In Beautiful Star & Other Stories Andrew Swanston brings history to life, giving voices to the previously silent – the bystanders and observers, the poor and the peripheral – and bringing us a rich and refreshing perspective on the past.

Format: Paperback (256 pp.)         Publisher: The Dome Press
Published: 11th January 2018        Genre: Historical Fiction, Short Stories

Purchase Links*
Amazon.co.uk ǀ  Amazon.com
*links provided for convenience, not as part of any affiliate programme

Find Beautiful Star & Other Stories on Goodreads


Interview with Andrew Swanston

The stories in Beautiful Star involve both real and imaginary characters.  Which do you find the more difficult to write?

Interesting question. Imaginary characters are easier in that, within the historical framework of the story, they can do and say and think and look like whatever one wants them to. Real characters are easier in that they bring their personalities and their stories with them.  Mixing the two is the most difficult task and what I like best.

What do you like about the short story format?  What are its challenges?

In Beautiful Star, Julia Paterson tells her friend Willy Miller that flowers are neither wild nor tame, they are just flowers. So it is, for me, with stories – some longer, others shorter, but all just stories with plots and characters, beginnings, middles and endings. As a boy I loved the Sherlock Holmes stories.

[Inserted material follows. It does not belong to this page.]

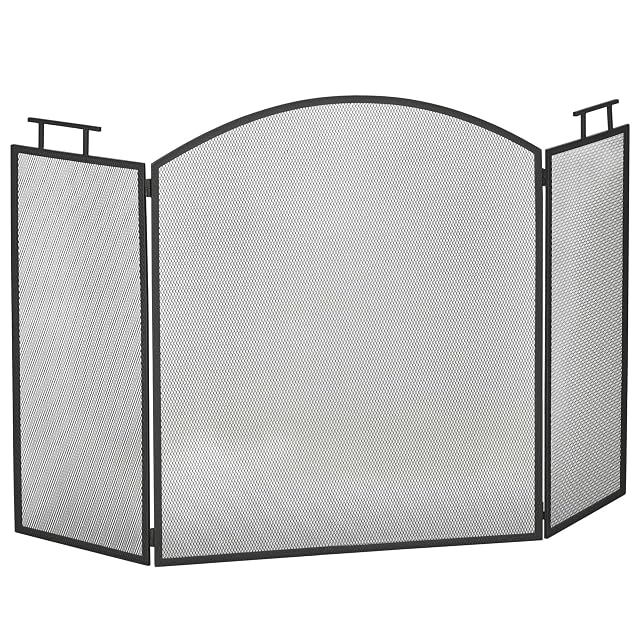 A black folding three-panel metal fire screen with mesh panels and two carrying handles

Strong characters, fast-moving plots, atmospheric but not very descriptive.  Excellent examples of the art.

I’m sure that asking which of the stories in Beautiful Star you like best would be like asking you to choose a favourite child.  Instead, I’ll ask which was the ‘naughtiest child’- the story you found most challenging to write, and why?

I think ‘A Witch and a Bitch’ was the most difficult because in making Jane Wenham’s imaginary grand-daughter the narrator I had to try to imagine the feelings of a teenage girl seeing her grandmother absurdly condemned to death in cruel circumstances three hundred years ago.

If you could be transported back in time to a period of history when and where would it be?

The seventeenth century – a time of conflict and change – has always appealed to me, which is why I wrote the Thomas Hill stories.  During the War of the Three Kingdoms, I would have been a royalist and would have hoped to survive until the Restoration when the king and his court set a splendid example of debauchery and excess. Lovely.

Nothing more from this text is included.